(Image-text web data)
● ● ● ●

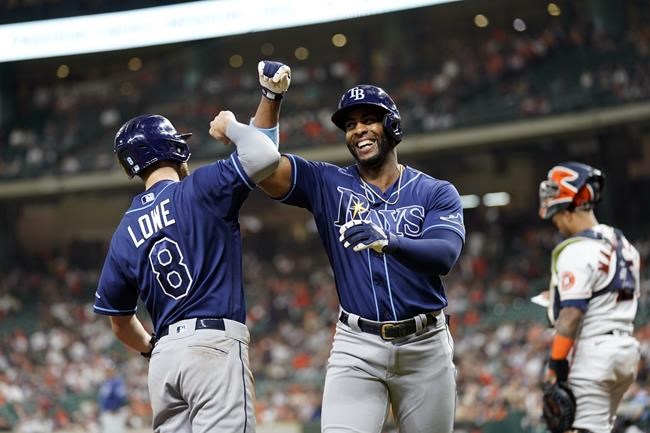 Tampa Bay Rays' Yandy Diaz, right, celebrates with Brandon Lowe (8) after both scored on Diaz's home run against the Houston Astros during the first inning of a baseball game Tuesday, Sept. 28, 2021, in Houston. (AP Photo/David J. Phillip)
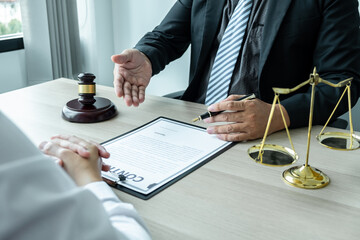 Professional Male lawyer or counselor discussing negotiation legal case with client meeting with...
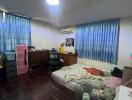 Bedroom with wooden floors, a double bed, and a freestanding fan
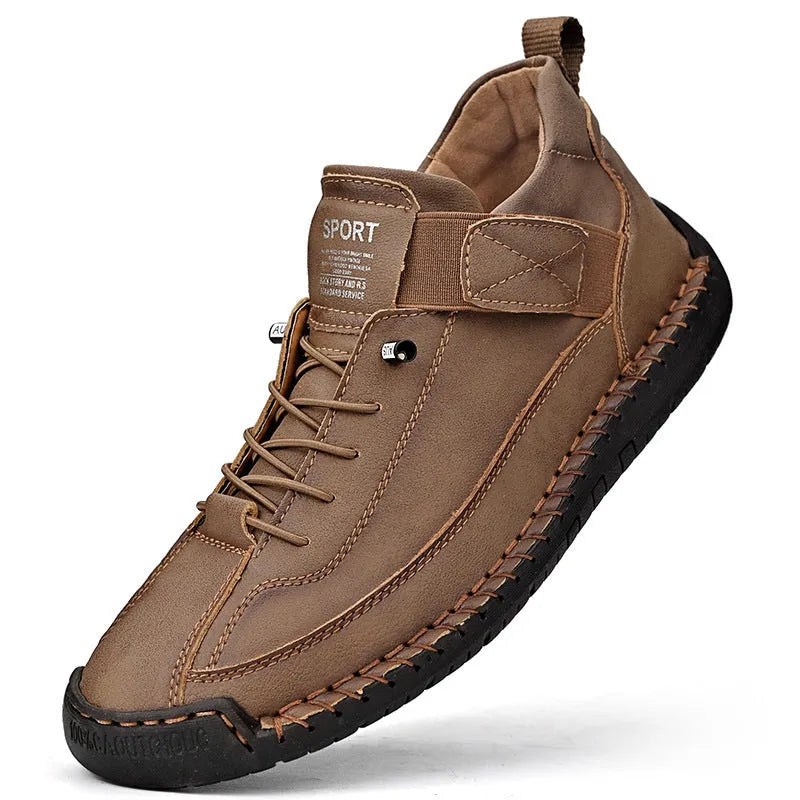 Men's mid-top Martin boot in a solid colour with elastic band and round toe.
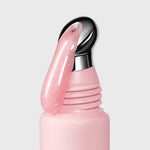 close-up of AN-GLOSS Ceramide Angel Food Lip Tint coming out of the tube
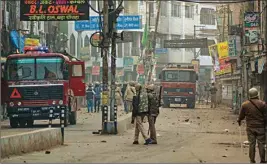  ??  ?? Police personnel guard a street after clashes between police and protestors against the Citizenshi­p Amendment Act (CAA) turned violent, in Kanpur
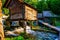 a wooden house with a small water fall running underneath it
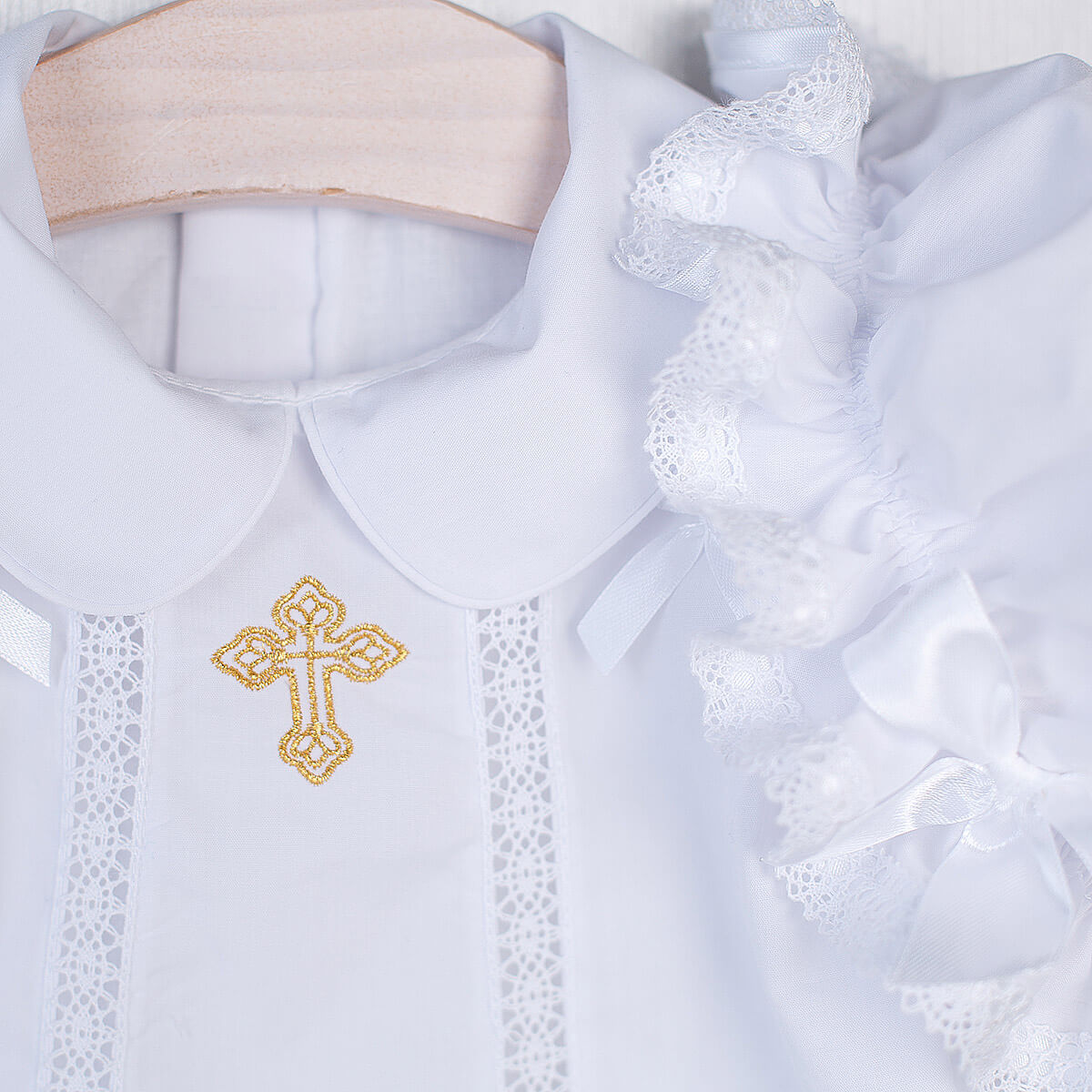 White Christening Dress with gold cross embroidery on a hanger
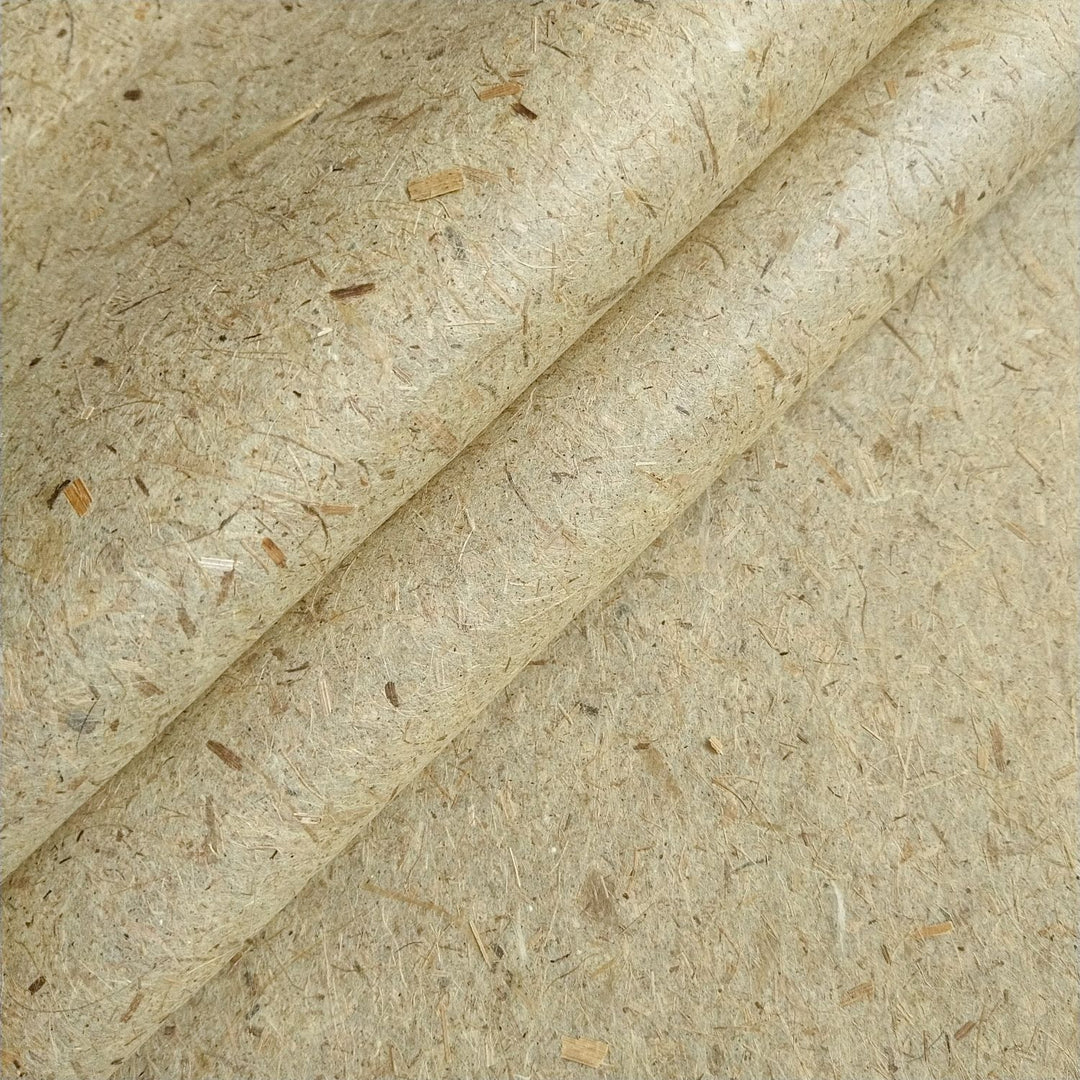 Close-up image of Kozo Studio handmade paper crafted from banana fiber and mulberry paper pulp, highlighting its fibrous beige texture with natural specks.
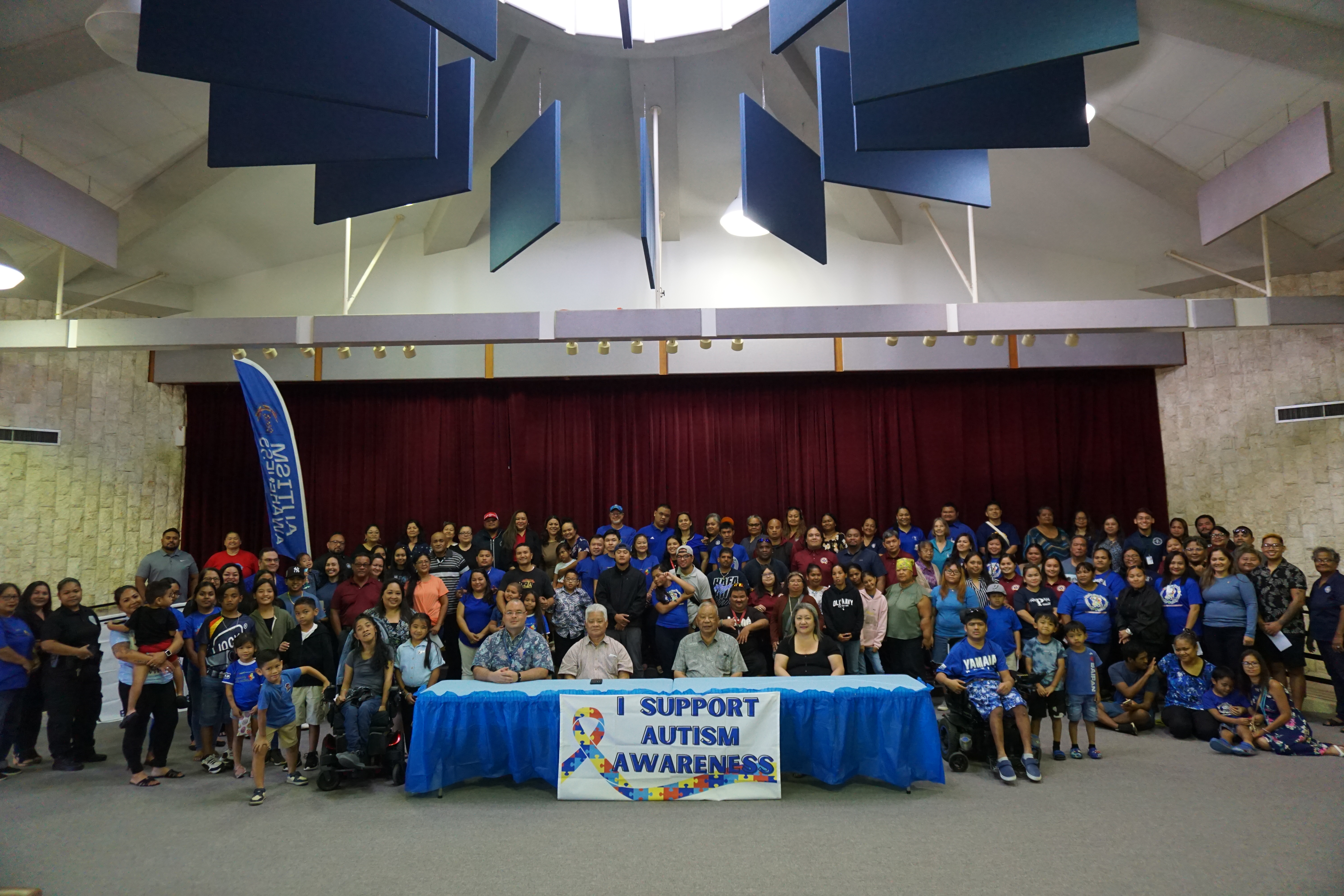 Gov. Arnold I. Palacios and Lt. Gov. David M. Apatang, with Senate President Edith Deleon Guerrero and House Speaker Edmund S. Villagomez, poses for a photo with educators, advocates and other community members after the signing of a proclamation designating April as Autism Awareness Month at the Gov. Pedro P. Tenorio Multi-Purpose Center on Monday, April 1. 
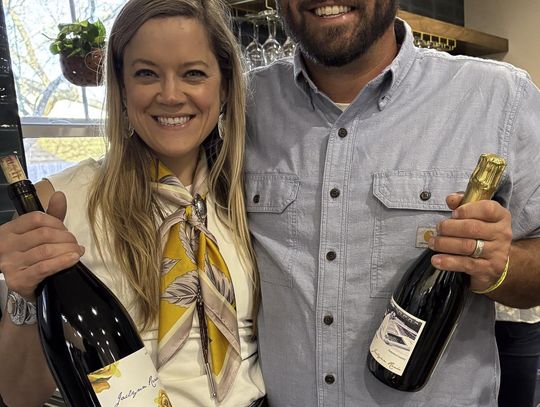 Jaclynn van Sant Downes and Justin Downes at the grand opening of the Jaclynn Renée Wine Collective in the former Social on the Square space. Photo by Teresa Kendrick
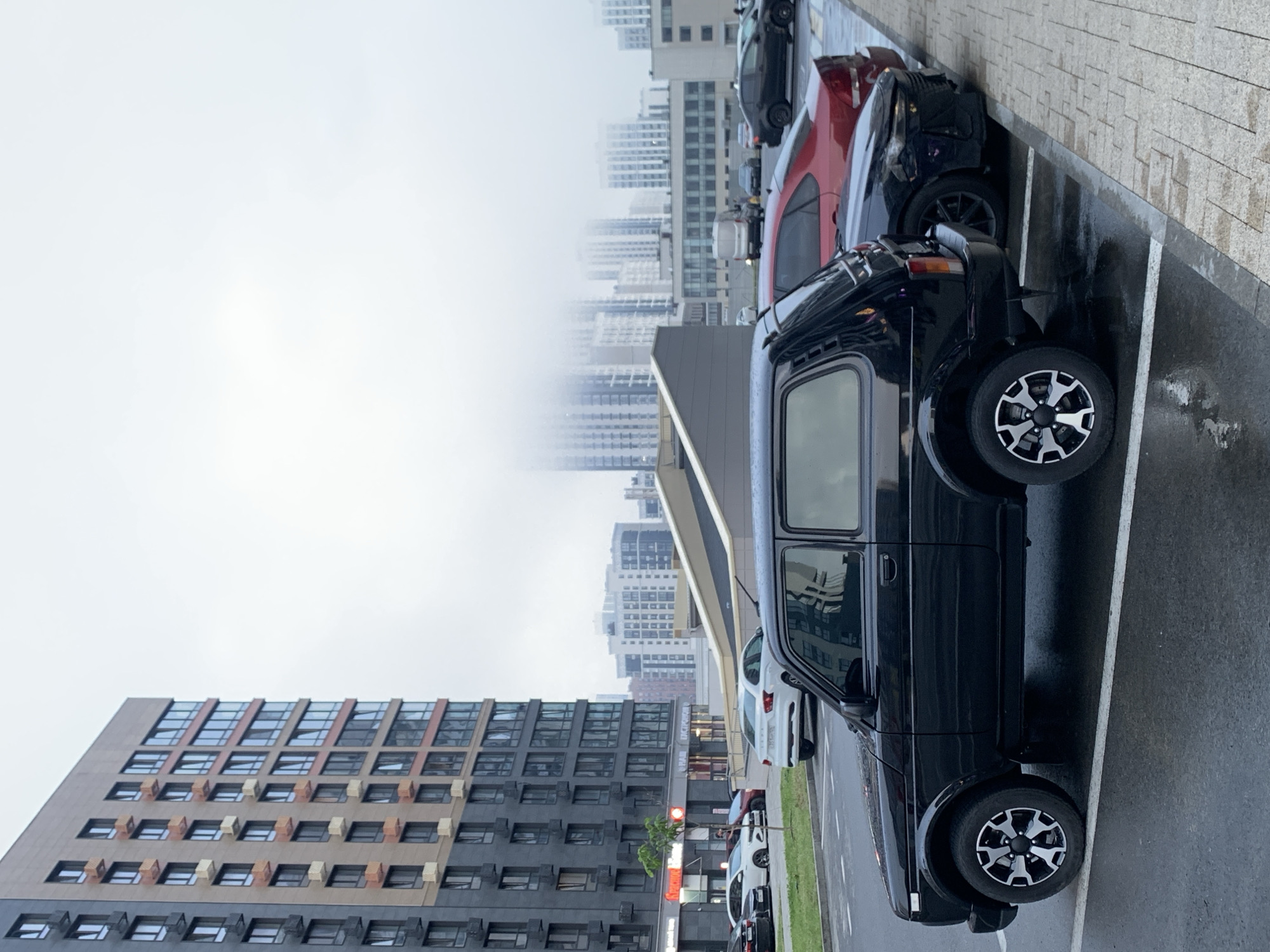In Stavropol, Russia, a black Lada Niva automobile is parked in a wet, paved parking lot. The car is positioned in the foreground, facing left, and its front section is visible. Behind it, a red sedan is parked, followed by a black car with a modified front bumper. Further back, several other vehicles and a white minivan are observable. In the background, a large, modern apartment building stands tall, with numerous windows and balconies. Beyond the apartment building, more residential buildings and a high-rise structure are visible, partially obscured by fog. The sky is overcast, contributing to the gloomy atmosphere of the scene.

● ● ● ●

■ TASK DESCRIPTION:
What is needed is a word-for-word copy of the lines from the start of the data to the line with "close-up of AN-GLOSS", inclusive, with no pictures in it.

■ WRITTEN REPLY:
 Tampa Bay Rays' Yandy Diaz, right, celebrates with Brandon Lowe (8) after both scored on Diaz's home run against the Houston Astros during the first inning of a baseball game Tuesday, Sept. 28, 2021, in Houston. (AP Photo/David J. Phillip)
 Professional Male lawyer or counselor discussing negotiation legal case with client meeting with...
 Bedroom with wooden floors, a double bed, and a freestanding fan
 Men's mid-top Martin boot in a solid colour with elastic band and round toe.
 close-up of AN-GLOSS Ceramide Angel Food Lip Tint coming out of the tube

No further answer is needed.